RE: Literals (Re: model theory for RDF/S) from Patrick.Stickler@nokia.com on 2001-10-02 (www-rdf-logic@w3.org from October 2001)

From: <Patrick.Stickler@nokia.com>
Date: Tue, 2 Oct 2001 16:33:02 +0300
To: pfps@research.bell-labs.com
Cc: drew.mcdermott@yale.edu, www-rdf-logic@w3.org
Message-ID: <2BF0AD29BC31FE46B788773211440431621539@trebe003.NOE.Nokia.com>
> -----Original Message-----
> From: ext Peter F. Patel-Schneider 
> [mailto:pfps@research.bell-labs.com]
> Sent: 02 October, 2001 15:41
> To: Stickler Patrick (NRC/Tampere)
> Cc: drew.mcdermott@yale.edu; www-rdf-logic@w3.org
> Subject: RE: Literals (Re: model theory for RDF/S)
> > It is true that int:5 and int:05 would technically constitute
> > different URIs and hence different resources, but that's how
> > RDF does things, eh? Different URI, different resource. I'm
> > sure we don't want to shift that foundational pillar...  ;-)
> 
> If RDF treats int:5 and int:05 different then it doesn't understand
> integers.

Correct. 

RDF does not understand integers.

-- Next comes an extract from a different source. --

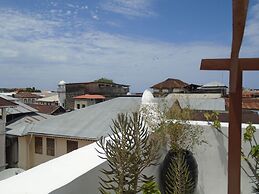 Pyramid Hotel Zanzibar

It doesn't even understand URIs! 

It no more needs to understand the difference between int:5 and
int:0005 as it does between "5" and "00005".

> > Insofar as as a generalized, consistent, global representation
> > for a given data type, though, one would expect that there would
> > be constraints defined which prohibit semantically vacuous variant
> > forms, such as above. So yes, you bring up a very valid requirement
> > for e.g. an int: scheme, that we wouldn't get int:00000000005, etc.
> > but that's an issue for the particular scheme, not the methdology of
> > URI encoded literals itself, I think (apart from specifying it as
> > an expected quality of every such scheme to not have semanticly
> > vacuous variant forms).
> 
> So then you need special-purpose parsers for each scheme. 
> More than that,
> you need at most one literal for each value in the datatype, which is
> certainly not the normal way of doing things.

Stay tuned. Generalized solution on the way... (rather get the full
doc done then toss out fragments that may be misunderstood, etc.)
 
> > And on a practical level, one would not necessarily expect URI 
> > encoded literals to act as the subject of statements, or to
> > serve as indirect identifiers of other resources, even if 
> technically
> > they could be coerced to do so (and regardless of whether they
> > were guarunteed to be free of semantically vacuous variant forms).
> 
> Even if they are just objects of triples, you can run into problems.
> 
> Consider
> 
> #Susan #favorite-integer int:05 .
> #Susan #favorite-integer int:5 .
> 
> how is an RDF query system supposed to respond when asked 
> about Susan's
> favorite integers?

Good point. But again, that has nothing to do with the proposed encoding
of literals as URIs. The very same problem exists with

 #Susan #favorite-integer "05" .
 #Susan #favorite-integer "5" .
 
Right?

In any case, with literals as URIs, one can enforce that e.g. "05" is
not legal and thus achieve a more robust system (even if the only
action is to signal an error and/or disregard the statement).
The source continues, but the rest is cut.